[Start of Attachment]
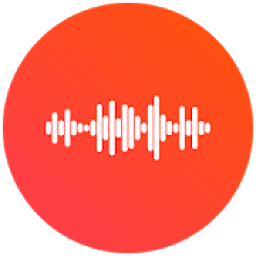 تحميل اغاني
‎ आइकन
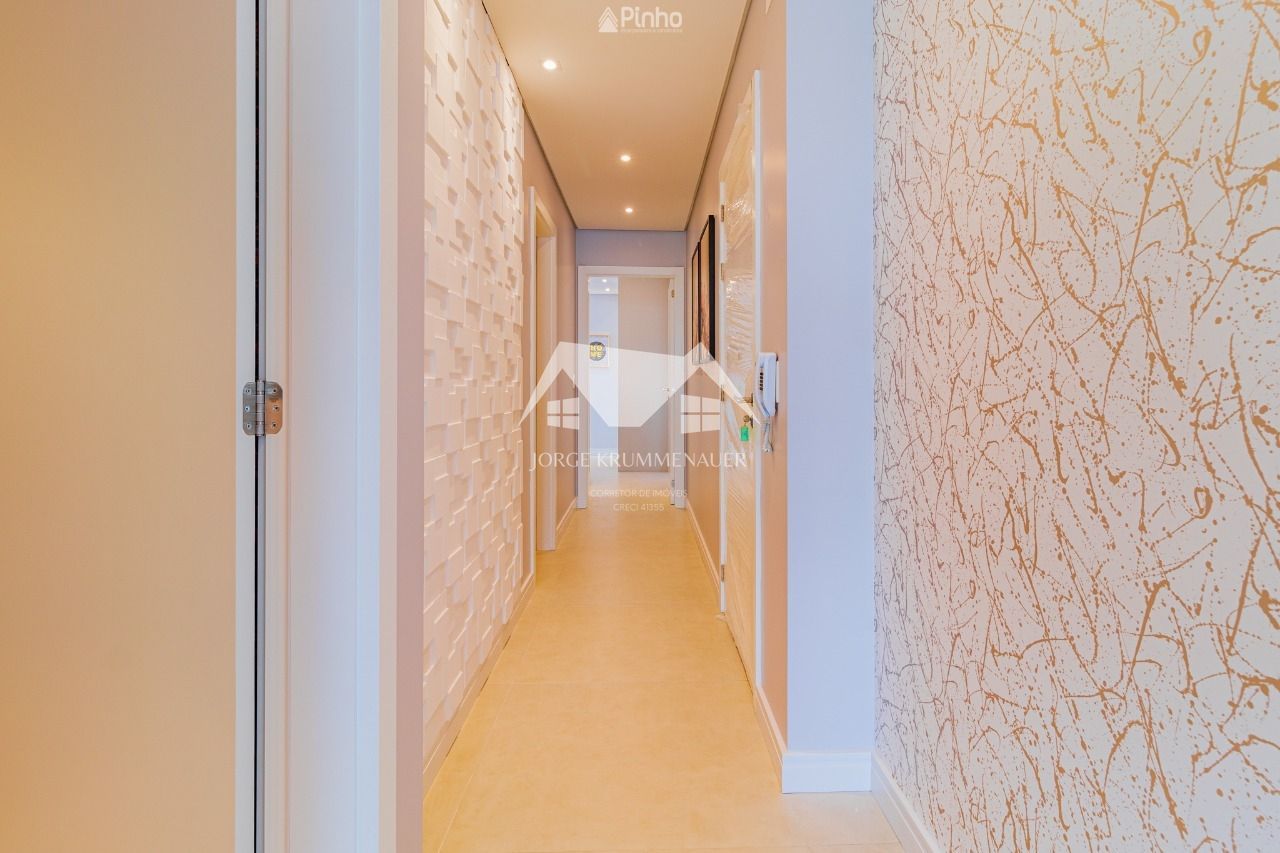 Apartamento, 2 quartos, 88 m² - Foto 9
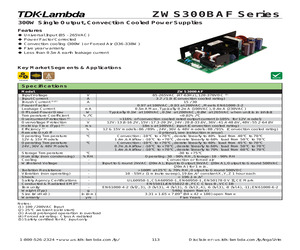 ZWS300BAF12/CO2.pdf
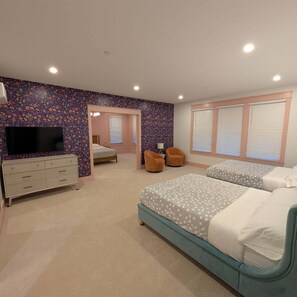 Tabla de planchar con plancha y wifi gratis 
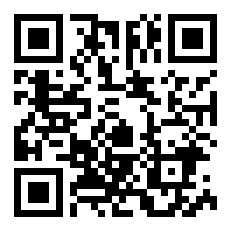 沉默是金是谁说的 科普知识
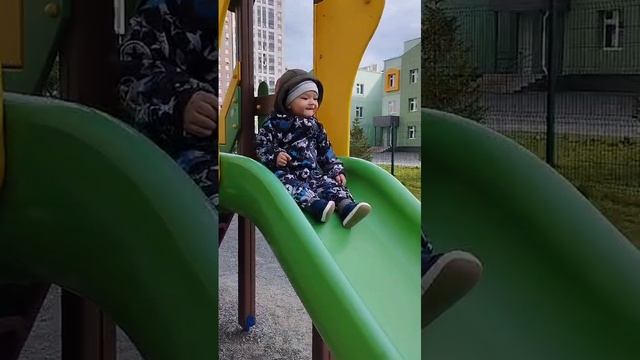 VID-20241108-WA0001.mp4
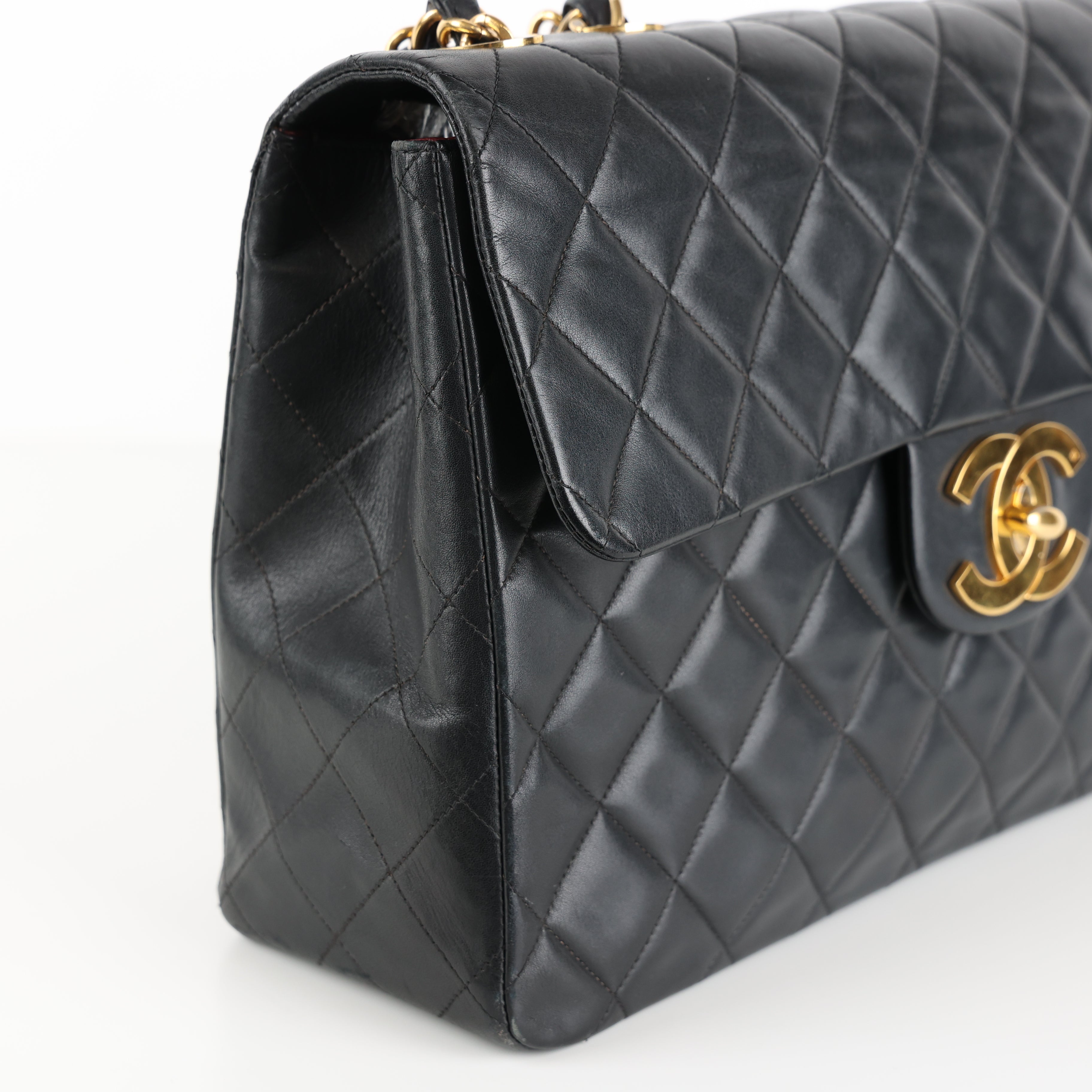 Bag , UK Size One Size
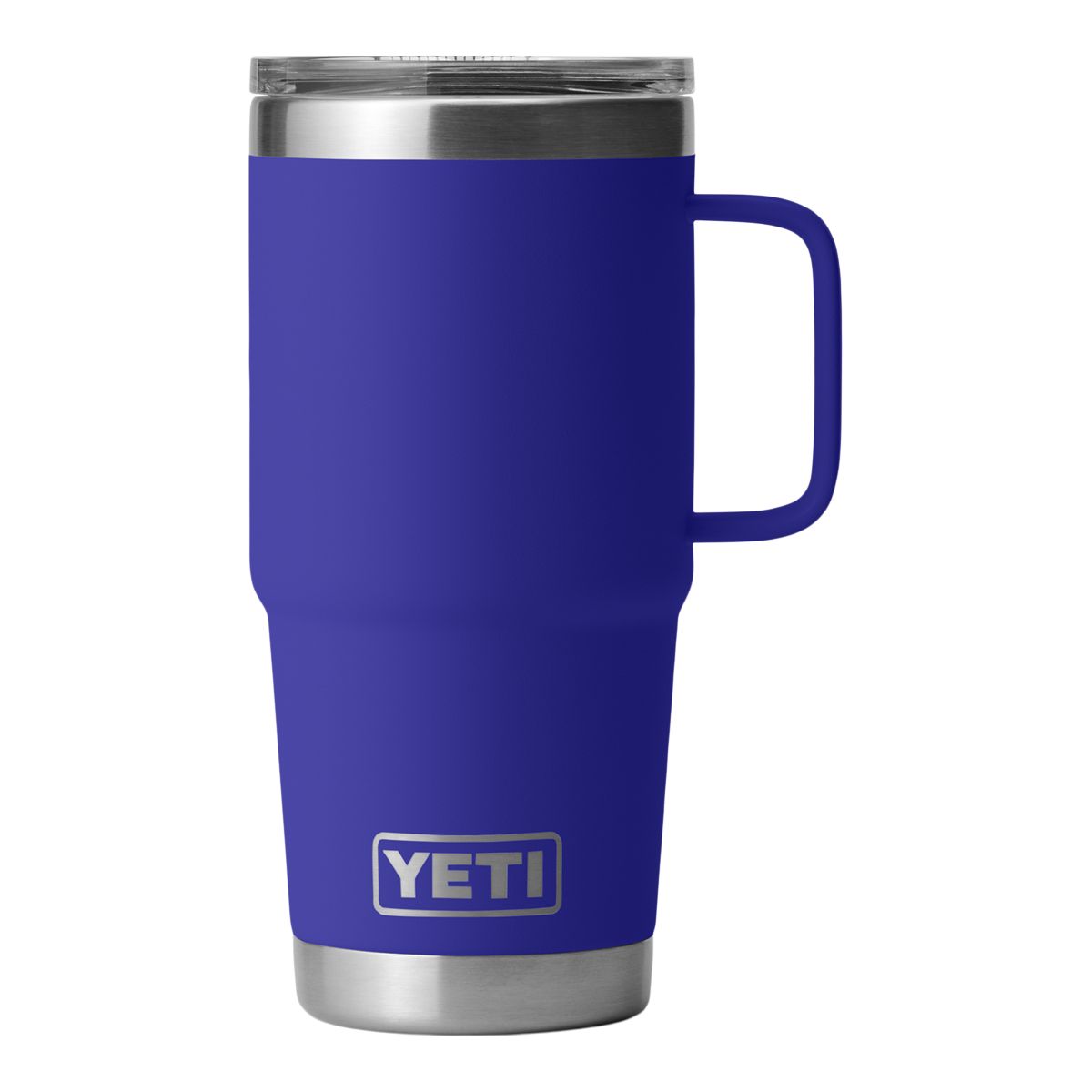 YETI Rambler® 20 oz Mug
[End of Attachment]
The pictures in the entries above should be left out; all else must be copied exactly.

### ANSWER BOX
 تحميل اغاني
‎ आइकन
 Apartamento, 2 quartos, 88 m² - Foto 9
 ZWS300BAF12/CO2.pdf
 Tabla de planchar con plancha y wifi gratis 
 沉默是金是谁说的 科普知识
 VID-20241108-WA0001.mp4
 Bag , UK Size One Size
 YETI Rambler® 20 oz Mug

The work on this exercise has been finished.